On the AC side, our signal leads, silver is different than copper in it’s properties and grain effects. How well you adjust to these differences, or don’t adjust in many cases, determines the cable’s calculated and measured linearity. How much does it need to change to be heard? Silver’s resistivity is sited all too often as the “reason” it is different than copper but that spec is passive. The skin depth and Vp linearity are more likely candidates for differences in the sound of metals as are the grain structure. The resistivity is measured with the grains, more grains increses resistivity but…this should not be heard like DC can’t be heard. The EM signal is somehow changed with respect to time for us to hear a difference.
How? No one really can show how. The current density path inside a wire farther from the surface creates magnetic waves that are superimposed onto the outer ones, that are closer to the ground reference. What we hear is a addition of all the EM energy in the wire with respect to time. This distance is “time” as the signal has to travel farther to find the ground reference. How the grains change that Dv/Dt function is really hard to fathom as it is FAST and not all THAT far! But the well known skin depth properties are real, and thus the time differences inside to outside the wire and the ground reference are real. It does change the EM voltage amplitude in time with differing wire sizes.

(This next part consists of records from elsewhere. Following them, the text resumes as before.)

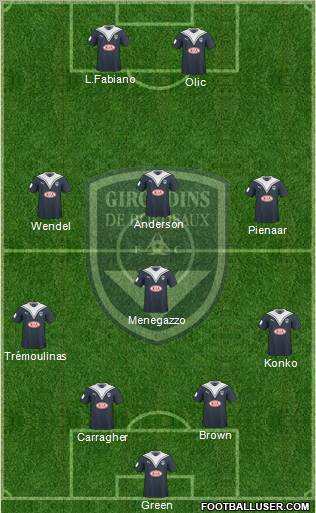 FC Girondins de Bordeaux Formation 2010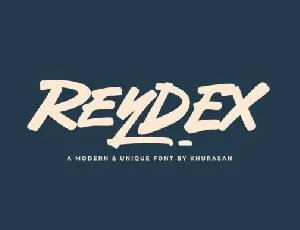 Reydex font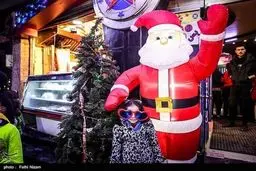 سال نو میلادی در دمشق/تصاویر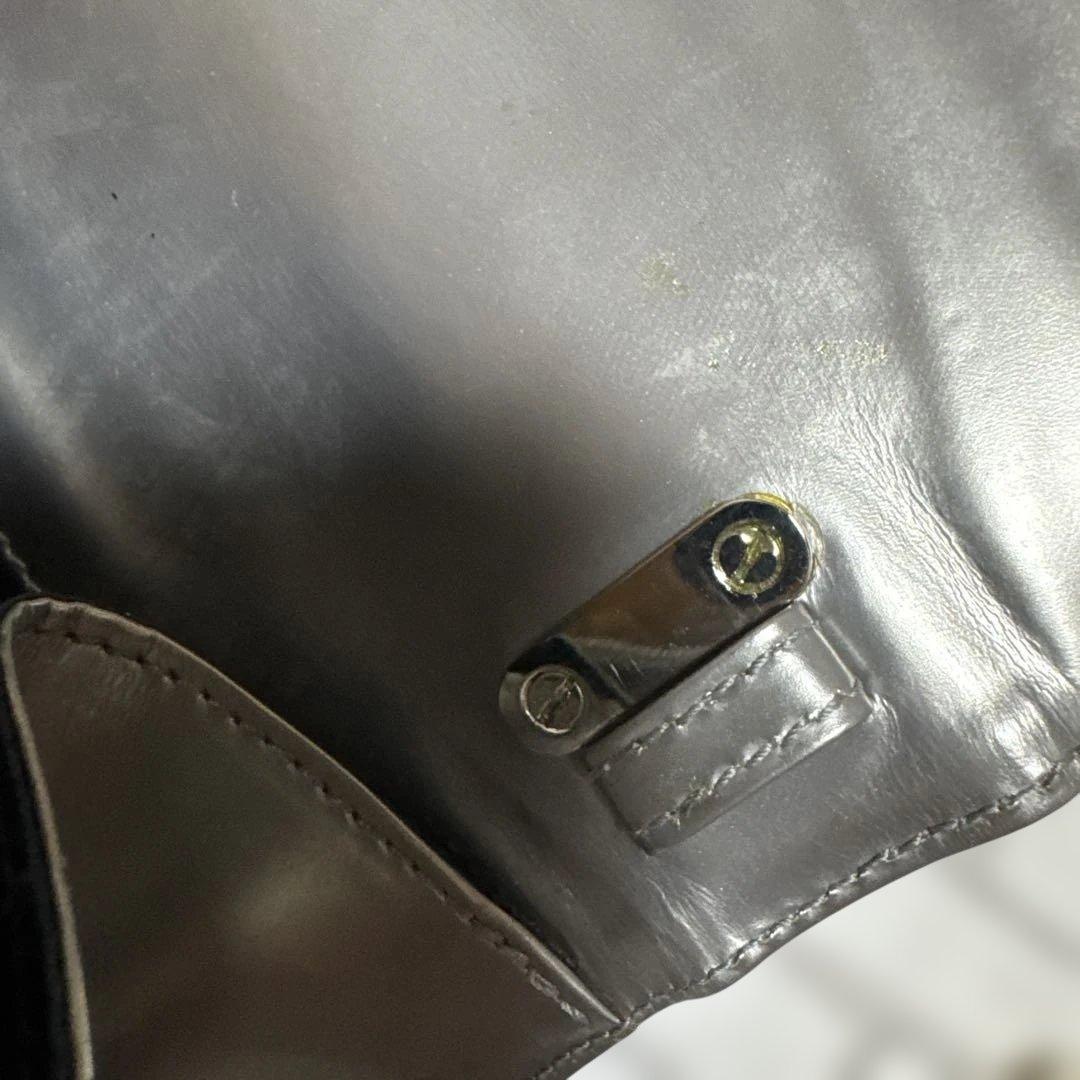 フェラガモ　￼シルバー　￼ミニバッグ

Does using a smaller silver wire for the same DCR as a copper wire change the EM signal based on the
faster" EM field superposition? This is indeed a “fact” but is it HEARD?Add to that the grain structure and what that seems to be doing as the same AWG wire, but with differing draw science are different. So BOTH properties are doing something.
Remember, if a property doesn’t change the EM voltage signal over time, we can’t hear it as this is what we are moving from A to B with a cable. The final EM signal voltage level captured in time is the whole enchilada.
What we know as PHASE is simply time based shifts in voltage signals before they are added, and this time shift provides a different resultant voltage magnitude.
Best,
Galen
Why not go off grid for the hifi? Solar charging a large battery (Tesla power wall type thing) completely isolated from all other appliances in the house. Would be a lot cheaper.
Well, so and I guess?
Including and DC batteries for a phono stage?